Özellikle 1997 yılında EUREP adı altında biraraya gelerek 1999 yılında yayınladıkları öncelikle yaş meyve sebzede iyi tarım uygulamaları esaslarını belirleyen EUREPGAP adındaki protokol yaygınlaşıp dünya geneline genişlemiştir. Yaşanan bu gelişmeler neticesinde İyi Tarım Uygulamaları ChileGAP, ChinaGAP, KenyaGAP, MexicoGAP, JGAP (Japon) ve en son ThaiGAP’ın oluşması ile dünya geneline yayılmıştır. 7 Eylül 2007 tarihinden itibaren EUREPGAP artık GLOBALGAP olarak tanımlanmıştır. 2007 yılı itibarıyla, bu organizasyon içerisinde yaklaşık 80 ülkede 80.000 sertifikalı üretici iyi tarım uygulamaları yapmaktadır ( Baerdemaeker, 2008).

GLOBALGAP dışında, dünya genelinde perakendeciler tarafından talep edilen SQF ve BRC gibi iyi tarım uygulamalarına konu farklı sertifikasyon sistemleri de bulunmaktadır. İngiliz Perakendecilik Konsorsiyumu Standardı (BRC), İngiliz perakendecilerinin oluşturmuş olduğu bir standarttır. SQF ise Amerika Birleşik Devletleri merkezli olan ancak dünya genelinde faaliyette bulunan gıda perakendecileri ve toptancıların oluşturduğu Gıda Pazarlama Enstitüsü (FMI) tarafından geliştirilen bir sertifikasyon sistemidir (Baerdemaeker, 2008) .

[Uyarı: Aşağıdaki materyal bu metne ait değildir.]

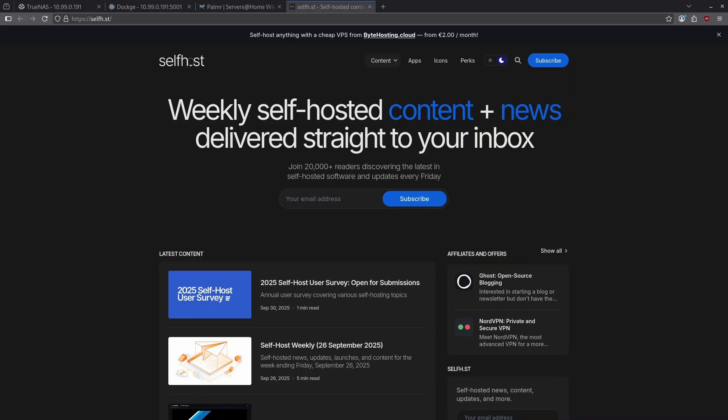Thank you all for watching another summary of the best of self-host newsletter. Please like and subscribe to our channel. Give us a thumbs up if you like these videos. Leave some comments below if you feel like there's some containers that should have been on this that weren't. If you want to have a deeper conversation with us about these containers, go ahead and jump on our servers at home discord. And if you want to thank me personally, please use the link below to buy me a coffee.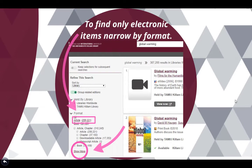To get only ebooks, click on 'Show More' and then click on 'Ebook.'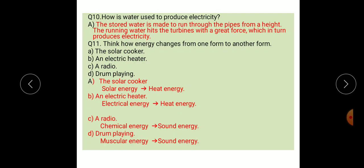Question number eleven: think how energy changes from one form to another form. Some examples are given: solar cooker — solar energy is converted into heat energy. A radio — chemical energy is converted into sound energy.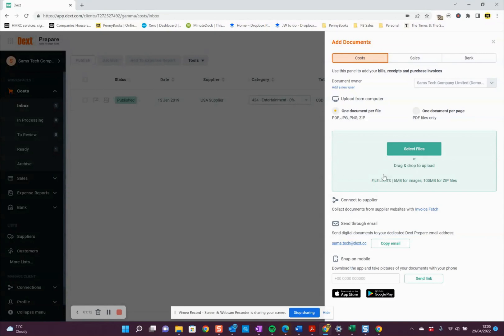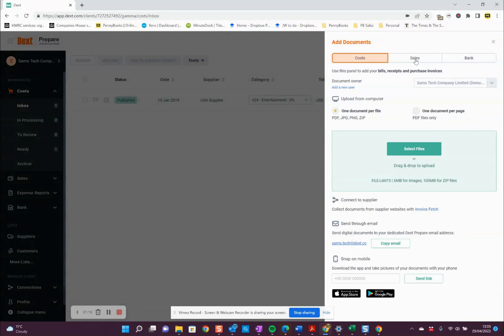That's it really, it's pretty straightforward. That would bring them into the costs inbox. If you were bringing sales invoices in, you just click the sales option at the top and do exactly the same process.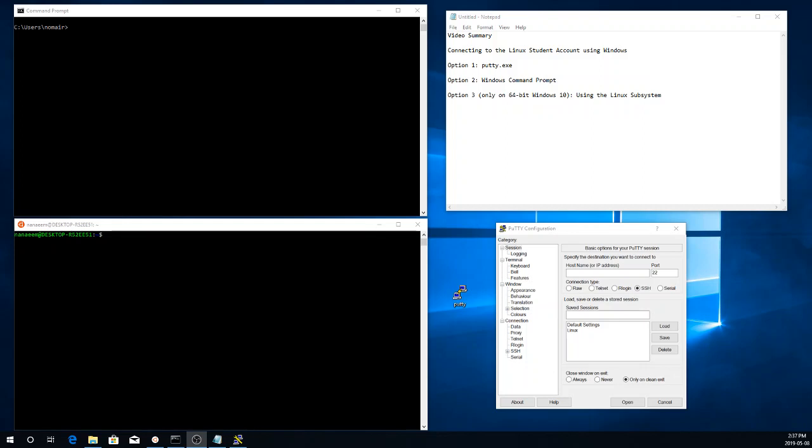Hello everyone. In this video, I'm going to show you three different ways in which you can use a Windows machine to connect to your Linux student account. Option one is to use a program called putty.exe. Option two is to use the built-in Windows command prompt. And option three, only if you're running 64-bit Windows 10, is to install the Linux subsystem.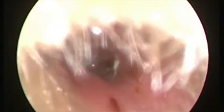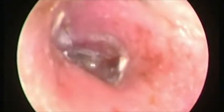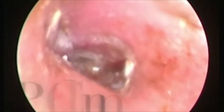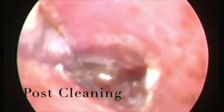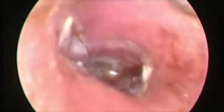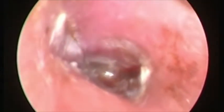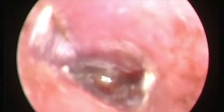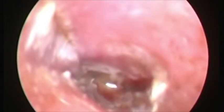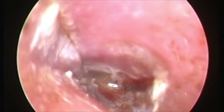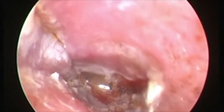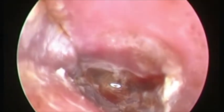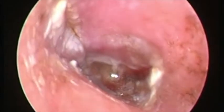This is the external auditory canal after cleaning the ear. We can see the trauma on the canal and the inflammation of the eardrum. Treatment will comprise of antibiotics to prevent infection and topical ear drops to reduce the infection and inflammation.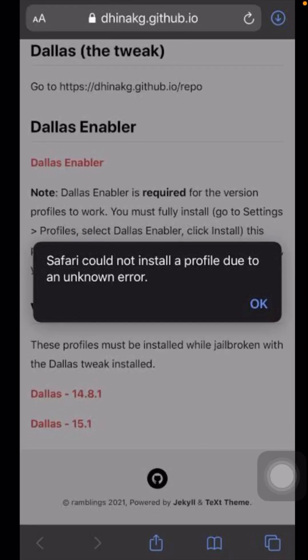Hi guys, welcome back to my YouTube channel and welcome back to my new video. Today in this video I am going to show you how to fix Safari could not install update file due to an unknown error. You are facing this error when you are opening your Safari browser and you have to search for anything.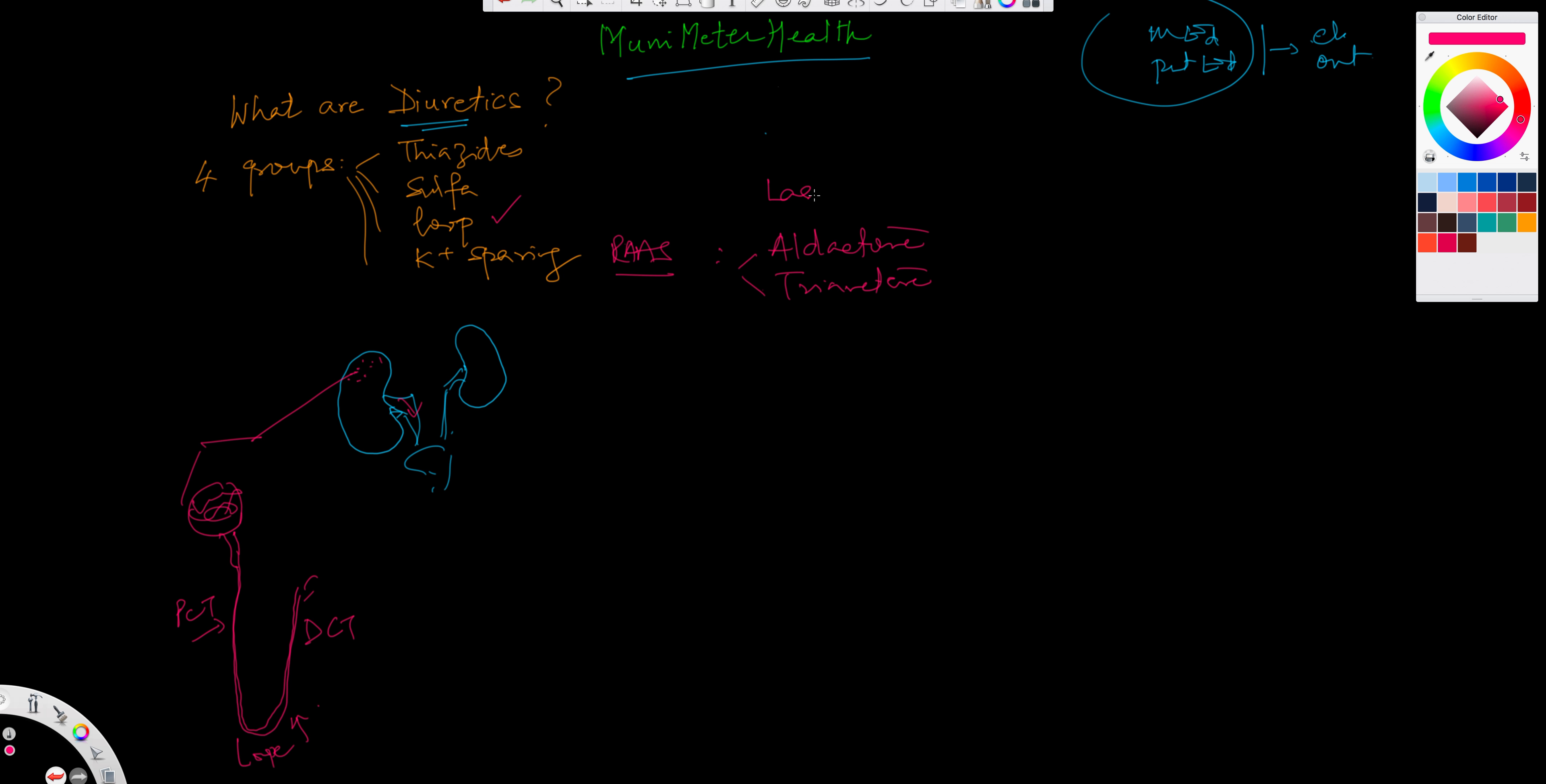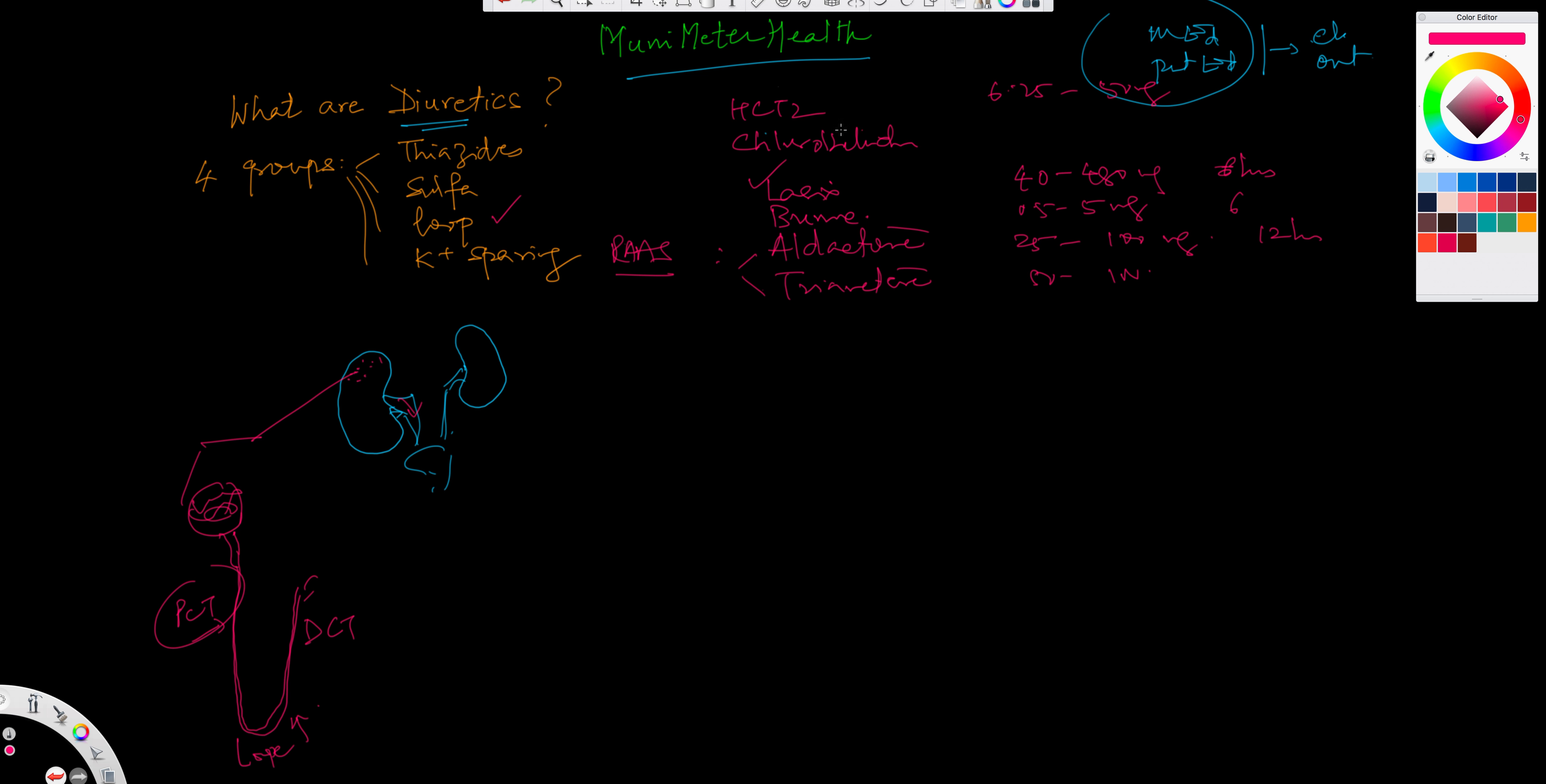Thiazide groups of drugs are the typical hydrochlorothiazides, which act at the PCT level. And the dose could be anywhere between 6.25 to up to 50 milligrams. Normally, the dose is 25 that most individuals will be able to handle it. And the sulfa groups like the hygrotone, or you can say the chlorthalidone. And these groups of drugs are also there, and 25 to 50 milligrams can be used. And the action may be 12 hours here. This could be 18 hours.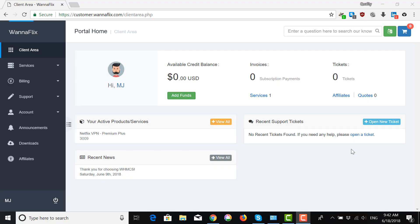All right, so now we're going to show you how to download, install, and set up the Windows 2.0 file for your VPN on your Windows devices.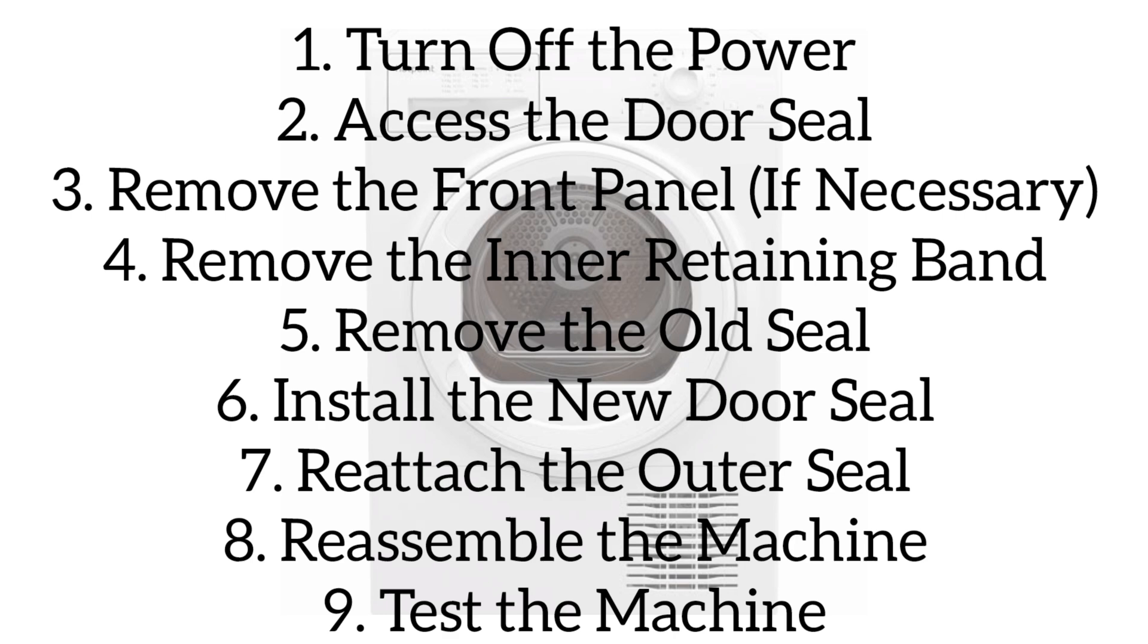On some models, you may need to remove the front panel to access the inner retaining band. Unscrew the top panel and remove it. Unscrew the screws securing the control panel and front panel. Refer to your user manual for guidance.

Perakendeciler tarafından talep edilen sertifikasyon sistemi içerisinde, yaş meyve sebze sektöründe talep edilen en yaygın sertifikasyon sistemi GLOBALGAP (EUREPGAP)’dir (Baerdemaeker, 2008).

Dünya Ticaret Örgütü tarafından hazırlanan “Sağlık ve Bitki Sağlığı” (SPS) anlaşmasıyla, Türkiye'nin de aralarında bulunduğu DTÖ' ne üye ülkeler, gıda güvenliği hakkındaki yerel önlemlerini uluslararası standartlara ve ilkelere göre almak zorunda kalmışlardır (Poyraz, 2009:2) .

ABD’de geliştirilen İTU, 2 ana bölüm ve 6 alt bölüme ayrılmıştır: I.Yetiştiricilik

2- Kompost ve gübre 3- Su

4- I.Pestisitler

II. Hasat, Kurutma ve Ayıklama 5- İşçilik

6- Hasat Ekipmanlarıdır.

FAO tarafından ortaya konulan GAP ise 11 ana başlık altında toplanmıştır. Bunlar:

1- Toprak, 2- Su,

3- Bitkisel üretim ve yem bitkileri üretimi, 4- Bitki koruma,

5- Hayvansal üretim 6- Hayvan sağlığı, 7- Hayvan refahı,

8- Hasat, çiftlik içi işleme ve depolama, 9- Enerji ve atık yönetimi,

10- İnsan refahı, sağlığı ve güvenliği, 11- Doğal hayat ve çevredir .

GLOBALGAP (EUREPGAP), şu anda Avrupa’daki bir kısım perakendeciler tarafından talep edilmektedir. Ancak ABD’ de taze ürünlerin tüketimine bağlı olarak gıda kaynaklı hastalıkların artmasıyla, yakın gelecekte Kuzey Amerika’daki süper marketlerin de GLOBALGAP (EUREPGAP) talep edilebileceğine ilişkin güçlü göstergeler bulunmaktadır.

Hassas olan Japonya ve Kore pazarları, er ya da geç

GLOBALGAP(EUREPGAP) uygunluk talebinde bulunacaklardır. Bu yüzden, dünyanın birçok yerine (Avrupa, Kuzey Amerika ve Uzak Doğu) taze ürün ihraç eden üreticilerimizden de GLOBALGAP(EUREPGAP) gerekliliklerini yerine getirmiş olmasını talep edeceklerdir.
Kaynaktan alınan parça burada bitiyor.